Whats Happening with Healthcare Construction?

By Jill | Editorial

In April 2014, the Affordable Care Act, or Obamacare, noted a major milestone. More than 8 million Americans signed up for health insurance. The newly insured joined the ranks of 75 million aging baby boomers expected to increase demand on clinics, hospitals, and other healthcare facilities across the nation.


The ACA is transitioning healthcare focus from volume-based care to value-based care. This means health facilities will be reducing costs by moving a larger share of care delivery to outpatient clinics. Inpatient facilities will be reserved for the chronically ill and more complex cases.

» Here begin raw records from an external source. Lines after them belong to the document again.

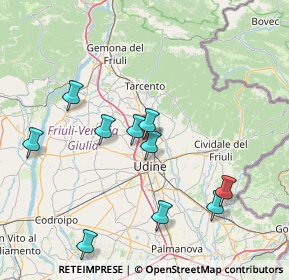 Mappa Via Andrea Palladio, 33010 Feletto Umberto UD, Italia (25.656)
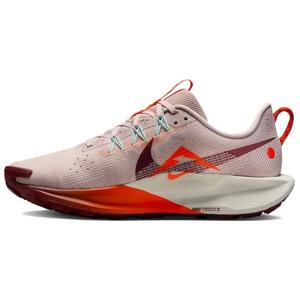 Nike Женские кроссовки REACTX PEGASUS TRAIL 5 с низким верхом, устойчивые к истиранию, розовые, оранжевые, белые
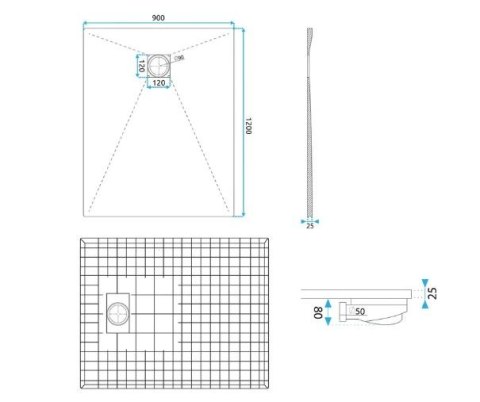 BRODZIK MAGNUM WHITE 80x100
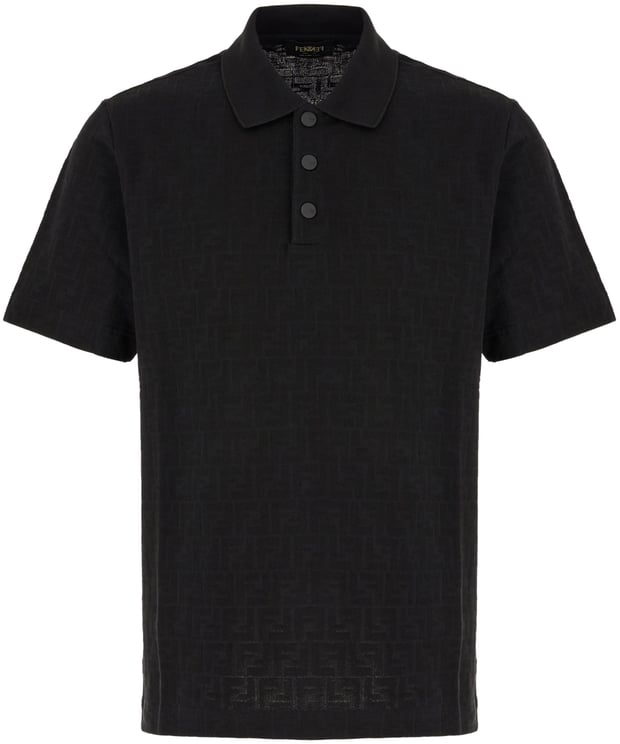 Fendi Fendi Black cotton polo shirt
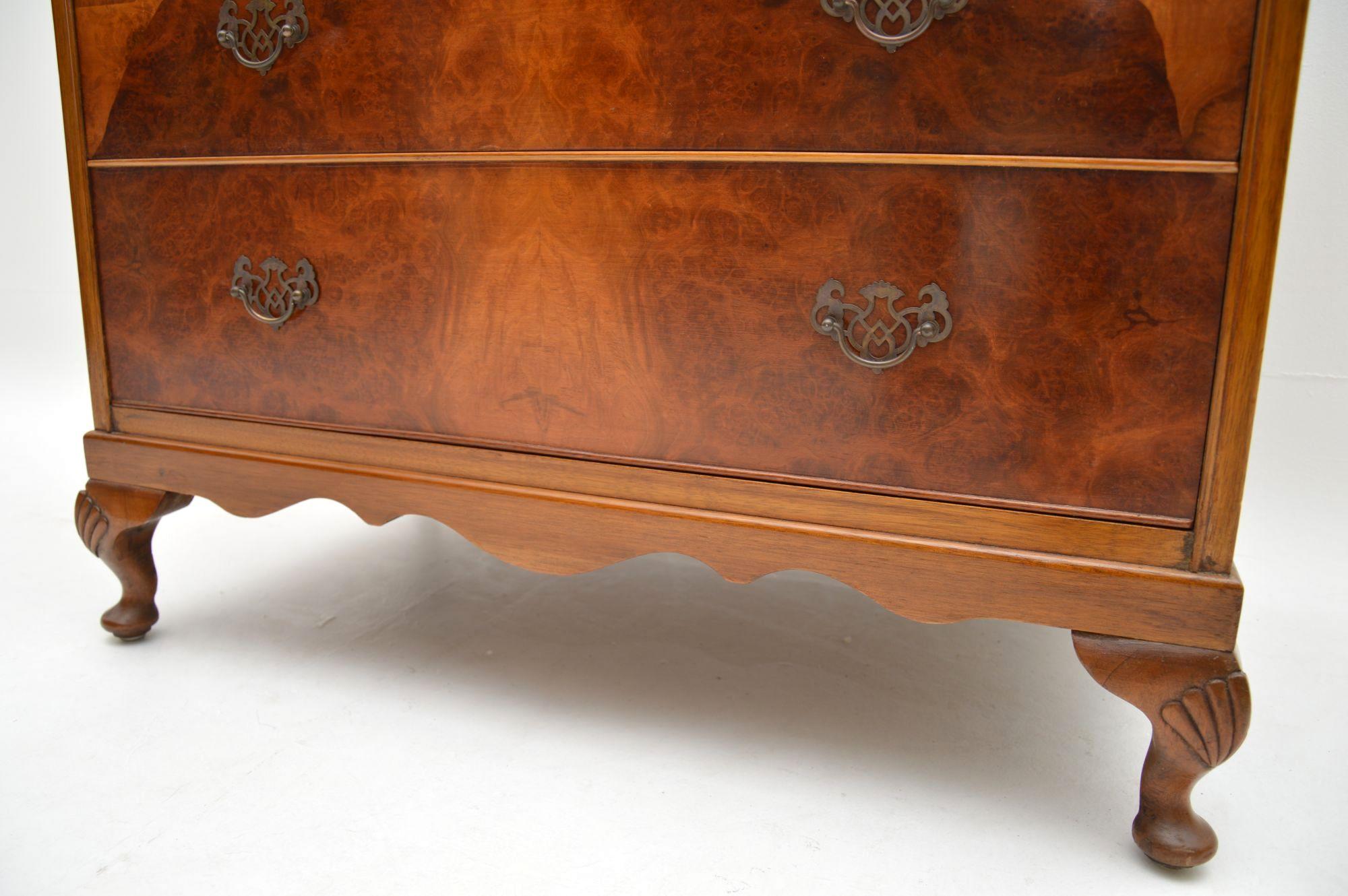 Antique Burr Walnut Chest of Drawers 3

In November 2013, a survey of 500 hospital and health care executives by the American Society for Healthcare Engineering showed that 51 percent were considering changes to existing healthcare facilities. The major focus for hospitals was expanding into communities by moving care into medical offices. Responding to the ACA, about one-quarter of executives said they were planning medical office expansion while 16 percent were constructing new medical office buildings. Around 17 percent said their agenda included the expansion of ambulatory surgery centers. Kirk Hamilton, professor of architecture at Texas A&M University, commented on the trend: “Hospitals are investing in outpatient care instead of inpatient care. This is the first time I can remember seeing so little in high-tech investment in the hospital. I think the shift in focus is a big story.”

By increasing the number of outpatient facilities for the newly insured, hospitals are hoping to reduce waiting time and relieve overcrowding at emergency rooms.

The focus on outpatient facilities stands in stark contrast to the outlook for new hospital construction, which ground to a halt during the last recession. Only 20 percent of the executives surveyed said they were definitely planning to build new hospitals. However, there is bright news for the medtech industry. Even aging facilities are planning to purchase expensive new technology to remain competitive with the ACA’s focus on patient satisfaction. With the lawsuits seemingly settled and the ACA the law of the land, most hospitals have the funds to proceed with new equipment purchases and outpatient clinic projects.